Sería un error omitir las referencias filosóficas del sueño como significante ontólogico. Desde la caverna de Platón en La República, hasta Inmanuel Kant, pasando por aquellos dos enemigos acérrimos: Freud y Jung. Kant, padre putativo de la moral contemporánea, hablaba de su lectura del empiricista escocés David Hume diciendo que “lo despertó de su adormecido letargo” filosófico; a lo que Bertrand Russell añadió “el problema con Kant es que al parecer se volvió a quedar dormido”. Algo similar parece habernos sucedido a nosotros.

Exegetas de la fábula minimalista de Monterroso han apuntado a múltiples referencias pero ninguno ha recordado su parentesco con el ya mencionado epigrama goyesco. Una máxima engravada en nuestra memoria desde mediados del siglo XIX  y que nos sirve de recordatorio prodigioso, y valetudinario, de los excesos militaristas de Napoleón, Hitler, Stalin, George W. Bush y  desafortunadamente muchos más. Latinoamérica por su parte ha experimentado esos excesos bélicos primero de Europa, y ahora de Estados Unidos, de una manera lenta, interna y represiva que ha ayudado a la expansión del neoliberalismo en un continente donde la mayoría de personas se opone a él.
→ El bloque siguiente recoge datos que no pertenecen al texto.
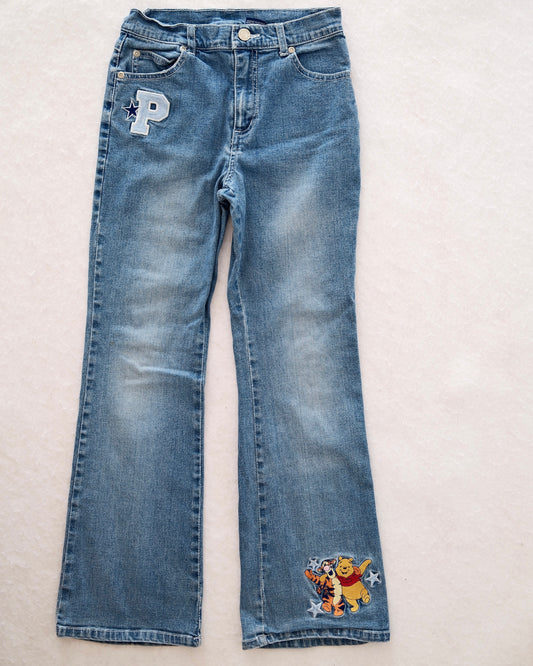Vintage Disney Pooh Flare Jeans: youth 12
Y continuando con el tema militarista, Francisco Goya fue el primer artista en representar los horrores de la guerra sin ningún tipo de ambigüedades románticas, y ha sido de los pocos pintores quienes hasta la fecha han permanecido sordos a esa voz susurrante que siempre busca mitologizar toda acción bélica o campaña militarista, particularmente si está concebida dentro de la narrativa aceptable del “pentagonismo”, que es el capitalismo predominante de nuestros días. Es por ello que la sensibilidad artística de Goya está mucho más cerca a la de Monterroso de lo que usualmente se supone.

Y mientras Goya nos recuerda que la sinrazón del instante onírico engendra monstruos, la  respuesta a la pregunta del microrrelato de quién dormía tiene que ser socio-ontológica: nuestra conciencia histórica. Esa respuesta se justifica por la naturaleza ultra elíptica del relato mismo.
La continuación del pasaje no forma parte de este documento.